In his sculptural work I’ll Be Gone, You’ll Be Gone (2013–14), Daniel McKewen gives physical form to a mathematical model – quantitative analyst David X. Li’s Gaussian copula – that was sharply criticised for its supposed role in the 2007–08 Global Financial Crisis. The equation was published by Li in a 2000 research paper, and quickly taken up by banks and investors to price and manage the risk of Collatarised Debt Obligations (CDOs) (complex structured financial products backed up by a pool of debts, including mortgages) with greater ease, and at a remarkably faster pace. Despite early indications of weaknesses in the model, including its reliance on correlation, its implementation went unhindered. McKewen points to the oracular role of the ‘quant’, a figure couched in associations with rationality and logic, but who in reality, is equally led by interpretation and intuition. These highly specialised individuals prophesise through elegant algorithms, decipherable to an exceptional few, making decisions based on volatile market movements.

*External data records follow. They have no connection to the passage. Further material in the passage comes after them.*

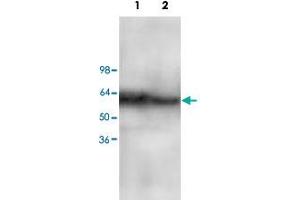 Western blot analysis of Jurkat (Lane 1) and MCF-7 (Lane 2) cell lysate with CARD10 polyclonal antibody  at 1 : 200 dilution. (CARD10 抗体  (C-Term))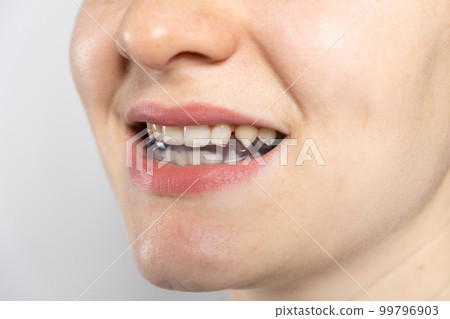 Dental mouthguard, splint in the mouth for the treatment of dysfunction of the temporomandibular joints, bruxism, malocclusion, to relax the muscles of the jaw. 99796903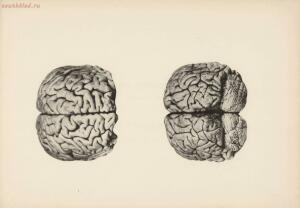 Атлас большого мозга человека и животных 1937 год - 01005159259_145.jpg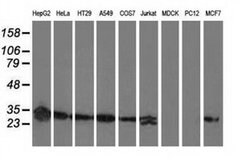 SPR Mouse anti-Human, Clone: OTI3D6, liquid, TrueMAB 100 &mu;L; Unconjugated:Antibodies,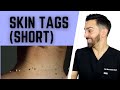 Skin Tags aka Acrochordons #shorts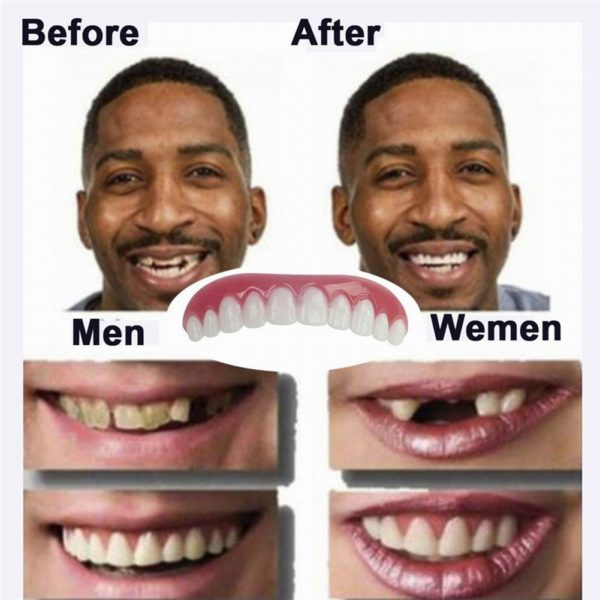 Silicone Upper Lower False Teeth Perfect Instant Smile Veneers Cosmetic Teeth Veneer Dentures for Woman and 5 Beauty-Health Cosmetic Teeth Veneer Dentures
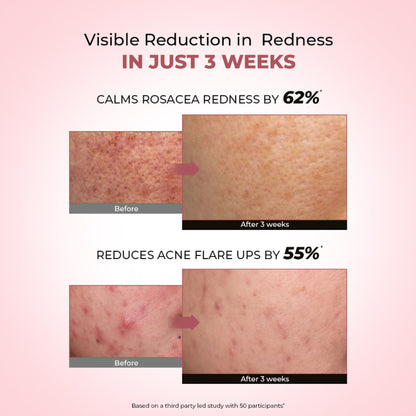 Conscious Chemist 10% Azelaic Acid Gel Cream for redness relief and acne treatment, showing the product tube and packaging.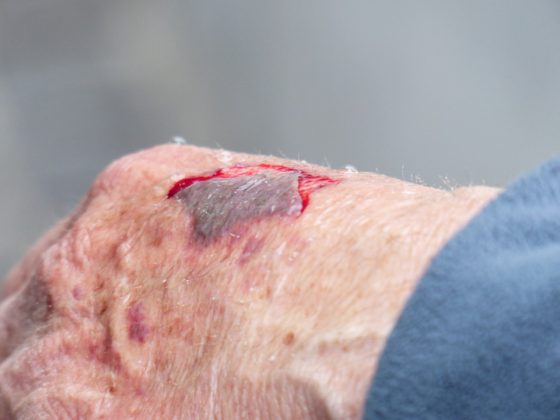 Premiata Rete lesioni cutanee di Asl Toscana sud est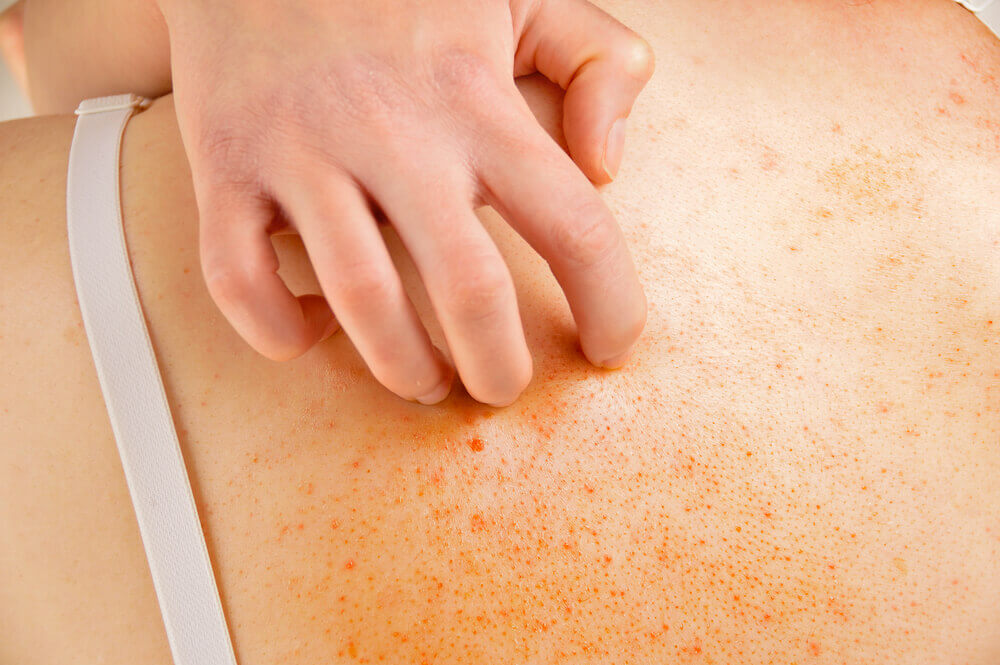 home remedies for skin irritation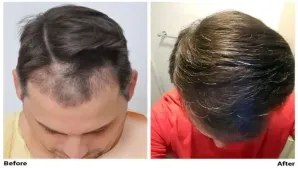 Hair Loss: Joe Tillman and the Emotional Fallout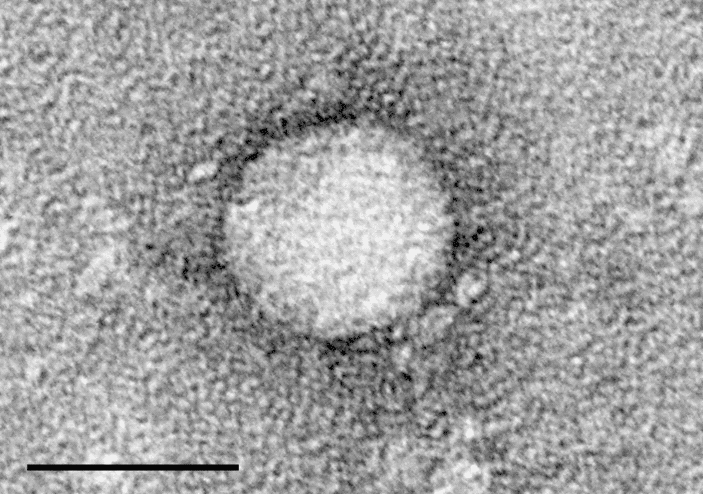 Hepatit Paneli (Hepatit A,Hepatit B,Hepatit C,Hepatit D)
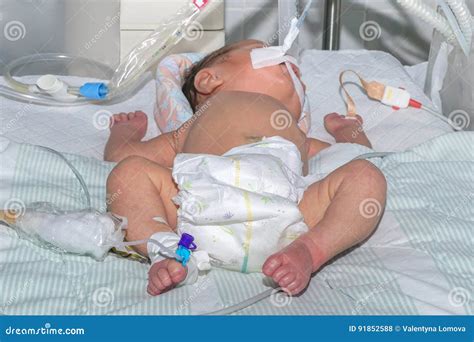 Newborn Baby On Breathing Machine With Pulse Oximeter Sensor And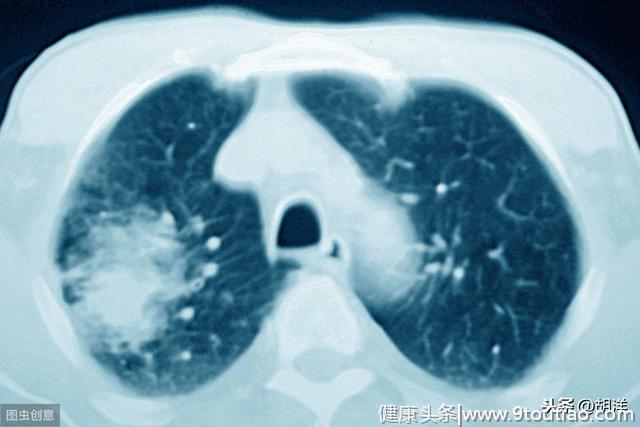被胸片坑了那么多年，现在终于意识到，能筛查到早期肺癌的唯有它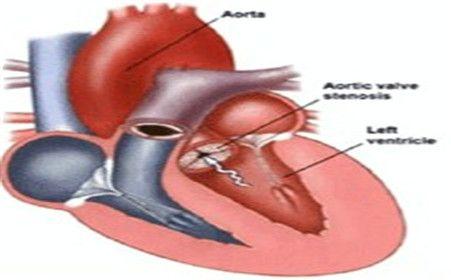 心室肌致密化不全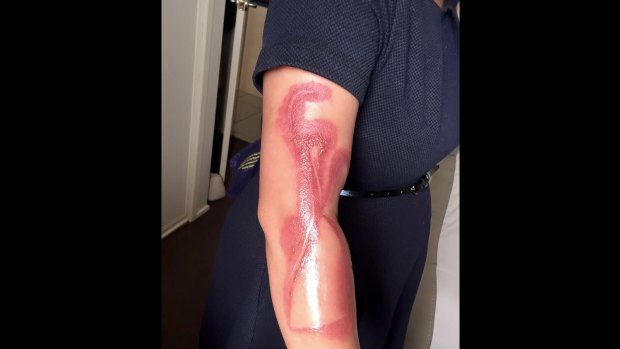 Melanie Tan Pelaez posted a picture online showing burns received after falling asleep on her charging iPhone 7.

Their statistical methods and economic theories form an occult cosmology far removed from the reality of the material commodity. In solidifying Li’s copula, the artist highlights this irony, and makes the mathematical model into a fetish proper.

 

Darren Sylvester’s Fortune Teller (2019) captures the moment of monetary exchange between clairvoyant and client, the act that must necessarily close every rendering of service, spiritual or otherwise. The photograph crystallises a fundamental move in the transformation of a product into a commodity – the quantification of value through the money form – largely unseen in an age of contactless payment. We might also understand the ‘hard cash’ itself as the content of the service provided, with capitalism now functioning as a source of meaning and identity for the consumer-subjects of the over-developed world. In 1921, philosopher Walter Benjamin described capitalism as a religion, claiming it ‘allay[ed] the same anxieties, torments, and disturbances to which the so-called religions offered answers’[3] in preceding eras. The lithe, manicured hand is cast in a sickly, unnatural green hue, and disembodied from any figure. Adam Smith’s ‘invisible hand’, the famous metaphor for the unseen forces driving the free market, comes to mind.[4] Both alluring and powerful, this hand is an unearthly authority, exercising its will according to its own mysterious whims, and as such should be regarded with a fearful reverence.

 

In the instant that a product of labour assumes the form of a commodity, something strange happens.

 

— Stephanie Berlangieri



[1] Marx, Karl, Capital: A Critique of Political Economy, Volume 1, Penguin, 1976, pp. 163–64.

[2] de Brosses, Charles, Du culte des dieux fétiches, Fayard, 1988.

 

[3] Benjamin, Walter, Walter Benjamin: Selected Writings. Volume 1: 1913–1926, The Belknap Press of Harvard University Press, 1996, p. 288.

[4] Smith, Adam, The Wealth of Nations, Dent, 1977.